看似火冒三丈的少女抖开银鞭,怒指衙役,“让不让开?!”

银鞭“啪”的一声,抽打在空气中。

可在太子的指令下,再具气势都成了虚张声势,狱卒不慌不忙地道:“抱歉,按规矩办事。”

“啪!”

“啊!怀槿县主打人了!”

手臂挨了一下的衙役倒在地上。

闻声跑来的狱卒们意欲夺鞭,被县主府的扈从们拦下。

两拨人大打出手。

带着虹玫等女护卫赶到的江吟月急忙道:“将他们拉开!”

场面乱作一团,直到一声冷喝,三拨人僵在原地。

“住手,违令者,杖毙。”

大批侍卫将三拨人包围,长刀出鞘,发出摩擦的脆响。

“唰。”

“唰唰。”

卫溪宸站在一排侍卫的后面。

崔诗菡不顾江吟月阻拦,越过重重人墙,怒视漠着眼的储君,“殿下要求龚先生归隐,他做到了,何故成了阶下囚?”

“逃了。”

“单凭他能逃走?”

卫溪宸淡笑,“孤也想知道,他是如何逃跑的?”

“所以就对一个老人家严刑逼供?”

“为了龚先生不受罪,县主可要为孤解惑?”

大牢内又起惨叫声,崔诗菡用力抽出被江吟月紧挽的手臂,“是看不惯殿下为难老者的绿林好汉所为!这个回答,殿下满意吗?”

“再想想。”卫溪宸抬抬袖,就有狱卒跑进牢里,龚飞的惨叫声更大了,崩断了崔诗菡脑中的弦。

少女手忿忿道:“叫他们住手!”

卫溪宸笑意不减。

“住手!”少女突然冲向储君。

“殿下!”

侍卫们调转刀尖,直指崔诗菡。

挥开少女的卫溪宸敛去温和,温和的背面是不怒自威的冷肃,“怀槿县主叫孤好生惊诧。
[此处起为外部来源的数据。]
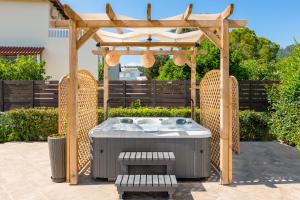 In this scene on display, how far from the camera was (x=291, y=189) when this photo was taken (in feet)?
16.0

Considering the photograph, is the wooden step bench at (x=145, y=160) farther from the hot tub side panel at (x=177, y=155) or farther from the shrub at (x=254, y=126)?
the shrub at (x=254, y=126)

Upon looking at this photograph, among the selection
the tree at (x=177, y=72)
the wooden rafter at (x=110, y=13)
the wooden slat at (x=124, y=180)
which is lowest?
the wooden slat at (x=124, y=180)

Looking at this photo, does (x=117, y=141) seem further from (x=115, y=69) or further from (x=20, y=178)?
(x=115, y=69)

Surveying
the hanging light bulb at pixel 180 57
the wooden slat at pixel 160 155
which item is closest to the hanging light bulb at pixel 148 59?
the hanging light bulb at pixel 180 57

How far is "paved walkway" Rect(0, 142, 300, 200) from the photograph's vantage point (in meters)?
4.56

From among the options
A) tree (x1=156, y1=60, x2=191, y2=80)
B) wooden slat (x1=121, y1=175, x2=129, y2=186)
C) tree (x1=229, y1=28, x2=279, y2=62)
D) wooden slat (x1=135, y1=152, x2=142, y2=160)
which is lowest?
wooden slat (x1=121, y1=175, x2=129, y2=186)

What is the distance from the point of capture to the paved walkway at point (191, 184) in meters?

”

竟敢袭击储君。

“拿下。”

“不要。”江吟月抱住少女,迎上卫溪宸冷肃的眸光,“殿下有意激怒县主,与引君入瓮有何区别?”

“孤为何激怒她?你的依据呢?”

“殿下故意放出风声,引县主前来,不是吗?”

看着极力维护外人的江吟月,卫溪宸都不知她们几时筑起的义气。

但凡是他要对付的人,她都维护。

“不分青红皂白了是吗?”

在龚飞被截胡的消息传回驿馆,卫溪宸就暗中派人前往扬州附近的各座城池知会当地的官员。
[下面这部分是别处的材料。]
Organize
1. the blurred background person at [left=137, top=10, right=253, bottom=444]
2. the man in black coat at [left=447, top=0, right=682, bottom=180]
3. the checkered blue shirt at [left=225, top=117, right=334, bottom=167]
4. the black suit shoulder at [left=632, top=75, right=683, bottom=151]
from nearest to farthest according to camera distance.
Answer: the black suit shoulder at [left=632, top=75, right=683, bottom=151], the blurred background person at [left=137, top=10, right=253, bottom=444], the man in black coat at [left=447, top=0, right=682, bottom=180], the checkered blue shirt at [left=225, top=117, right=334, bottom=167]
一个腿脚不好、身子骨羸弱的老者,是经受不住长途奔波的,最可能的落脚点就是与扬州气候相近的地点。

经过数月放饵,直肠子的老者还是没能隐忍下怒火,与当众阴损懿德皇后的人起了争执。

殊不知,这些人恰恰是诱饵。

卫溪宸拿出一本册子,是布政使派出的下属在龚飞居所搜查出的《懿德皇后小传》,册子里夹了两封信笺,一封是龚飞还未寄出的书信,另一封是崔诗菡的来信。

往来书信都是关于懿德皇后的。龚飞通过信笺,为少女讲述懿德皇后的生平事迹。少女通过书信,叙述对姐姐的崇敬和唏嘘。

“她脱得了干系吗?江吟月,让开。”

江吟月紧紧搂着崔诗菡,没有放手。

“无中生有,不认!”崔诗菡挣了挣,“一人做事一人当,吟月,你让开。”

江吟月使出最大的力气,拦下好友,“你冷静!”

卫溪宸的耐性在江吟月对外人的护短中一点点耗尽,他突然拔出身侧侍卫的佩刀,指向本该令他心软的女子,“让开。”

虹玫等人被大批侍卫架住手臂,挣扎不得。

寡不敌众。

“小姐!”

反光的长刀刺得江吟月眼睛微痛,她却一眨不眨地直视持刀的男子,“要抓她,先杀我。”

“你当孤不敢?”最后两个字,卫溪宸的语调一沉再沉。

江吟月搂着崔诗菡向后退,一点点试探着储君的底线。

将她们重重包围的侍卫随之向后,人浪波动。

太子不开口,他们不敢轻易动手。

卫溪宸握在刀柄上的指尖泛起一道道白痕,指骨咯咯作响,就在他正要放下刀的一刹,耳尖微动,突然刺向江吟月。

江吟月闭眼歪头,埋在崔诗菡颈窝。

崔诗菡推开江吟月,挡在前头。

虹玫挣开束缚,奋力奔向前,挡在两个姑娘身前。

额头碎发飘落一绺。

一只男人的手扼住了刀身。

刀尖距离虹玫的额骨不到半寸。

鲜血顺着刀身滴落。

“殿下息怒。”

倏然出现的魏钦手握刀身,鲜血染红青色官袍

江吟月:“魏钦!”

崔诗菡:“魏钦!”

虹玫:“姑爷……”

江吟月松开崔诗菡,跑到魏钦身边,不顾刀刃的锋利,抬起去推,“不许伤他!”

卫溪宸抽刀入鞘。

刀刃又一次划过魏钦的掌心,血流不止。

身旁的侍卫赶忙握住留有太子体温的刀柄。

卫溪宸问道:“魏运判有何见教?”

魏钦按住受伤的手掌,朝江吟月摇了摇头,“布政使派出的下属在龚先生的住所找到的书信,殿下可否让大家过目?”

卫溪宸没打算藏着掖着。

富忠才自衣袖取出两封书信,摊开展示。

崔诗菡盯着上面的字迹,嗤之以鼻,“不是我的字迹!”

魏钦提醒道:“县主注意称谓。”

崔诗菡压了压火气,“字迹并非出自臣女之手,一定是有人栽赃,殿下明鉴!”

富忠才笑着打哈哈,“对比便知。”

卫溪宸倒也没打算指鹿为马,片晌,侍卫从崔诗菡的书房强行搜查到几本泛旧的册子。

经过对比,书信上的确不是崔诗菡的笔记。

怀疑目标自然而然转移到另一人的身上。

卫溪宸闭闭眼,让人将卫扬万“请”到这边。